Slashdot Mirror


Are There 802.11 Cards That Accept A Wire?

Luti asks: "Does anyone know of a company that sells 802.11 dongles, or a PCMCIA card that has both a regular RJ-45 connector and an 802.11 antenna? I need to be able to connect my laptop at school (wireless), and at home through my server (due to price most likely wired). I just can't see the point in either a.) buying 2 pcmcia cards for their current prices, one 802.11 and one regular 10/100mbps, or b.) buying an 802.11 card and base station, or even a second card for peer to peer . Any suggestions? Anyone else in my position?" Interesting thought. I'm sure there are hardware manufacturers making these. Has anyone tried some of these out? What were your experiences, especially with regards to OS support?

2 of 20 comments (clear)

  1. I don't think so by kevin42 · · Score: 4, Informative

    I have just about every 802.11b card ever made sitting on my desk at work because I wrote an 802.11 stack for some hardware my company makes and I needed to test compatability. I've never seen what you are looking for though.

    It doesn't surprise me since the RF part of 802.11 cards takes a lot of room, and there isn't room for an antenna and a dongle or rj45 connector.
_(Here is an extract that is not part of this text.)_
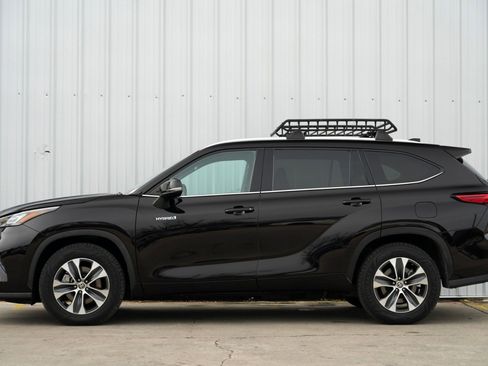 Used 2020 Toyota Highlander XLE image 8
I'd reccomend you do what I've done...eject one card and plug the other in. :)

  2. Two is much easier by Controlio · · Score: 3, Informative

    This is one of those situations where you have to look past the cost. Ease of use is the factor here, not to mention the fact that no one knows of a combo RF/Ethernet card. I know I've never heard of such an animal.

    I do what you do, but on a larger scale. I have "accumulated" 4 ethernet cards. One a 10baseT/2 with a dongle, one a 100baseT with a connector built in, another 100baseT with a dongle, and an Orinoco (Lucent) 802.11b card. It is by FAR easier to have a different card for each network configuration.
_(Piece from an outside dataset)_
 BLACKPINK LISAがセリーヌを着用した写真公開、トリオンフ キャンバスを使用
    You've got to be asking yourself, why? This is easy. Every one of my networks has a night-and-day difference from the other ones. One network is DHCP, another won't reply unless my MAC and IP are set properly, the wireless is told to only answer a specific IP... and so on. Anyways, in my laptop, the OS knows each network configuration, simply by assigning a new network configuration to each piece of hardware. As soon as you plug it in, it just works. No reconfig, no additional programs... plug the SOB in, and you're networking.

    And yes, I've tried all of those icky little Netswitcher-type programs, and none of them work as well as just simply having different hardware for each config. Once it's configured, even a monkey could make it work. It may not be cost effective, but it's reliable as all hell.